Work order: Leaving out the images, reproduce every line of the data that follows exactly.

● ● ●

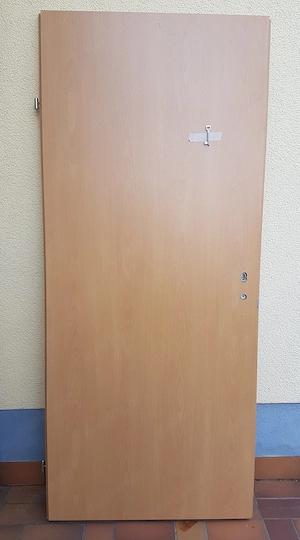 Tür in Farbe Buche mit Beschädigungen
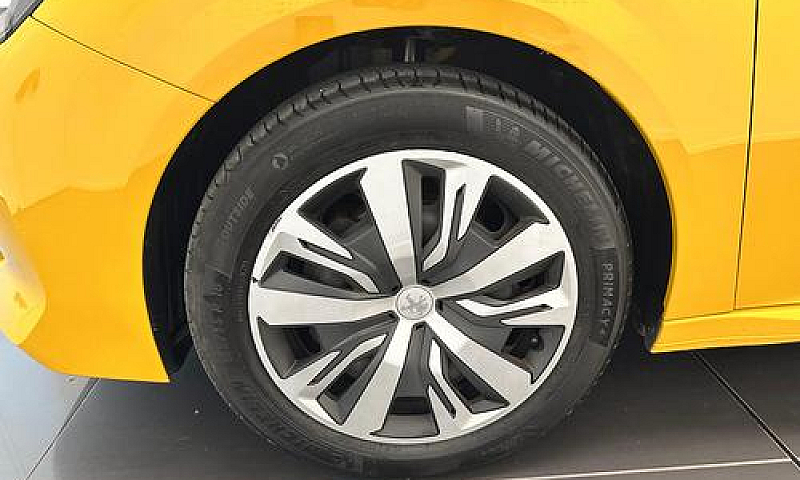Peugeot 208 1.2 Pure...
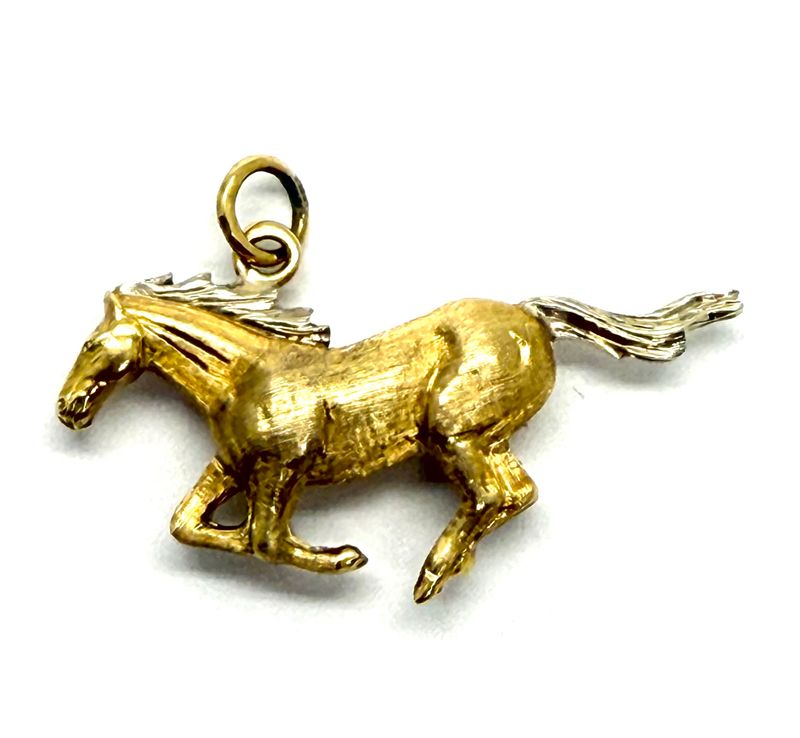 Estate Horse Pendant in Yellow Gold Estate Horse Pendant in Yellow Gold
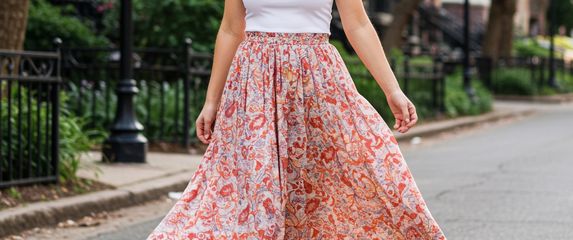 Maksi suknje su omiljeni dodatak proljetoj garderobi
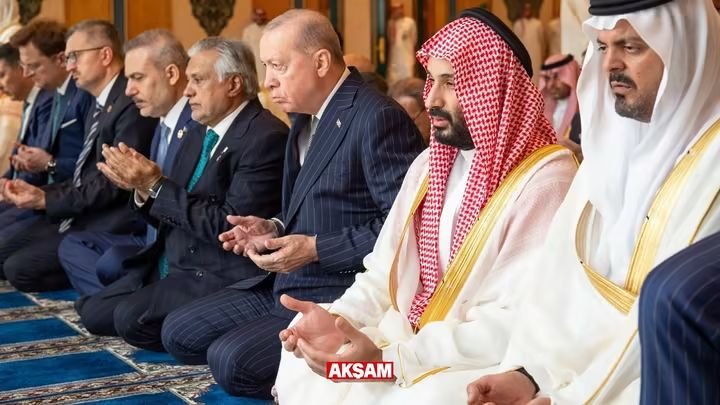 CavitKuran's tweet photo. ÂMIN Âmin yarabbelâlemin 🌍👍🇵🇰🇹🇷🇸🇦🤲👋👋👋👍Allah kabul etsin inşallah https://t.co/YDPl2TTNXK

● ● ●

Output for this task:
 Tür in Farbe Buche mit Beschädigungen
Peugeot 208 1.2 Pure...
 Estate Horse Pendant in Yellow Gold Estate Horse Pendant in Yellow Gold
 Maksi suknje su omiljeni dodatak proljetoj garderobi
 CavitKuran's tweet photo. ÂMIN Âmin yarabbelâlemin 🌍👍🇵🇰🇹🇷🇸🇦🤲👋👋👋👍Allah kabul etsin inşallah https://t.co/YDPl2TTNXK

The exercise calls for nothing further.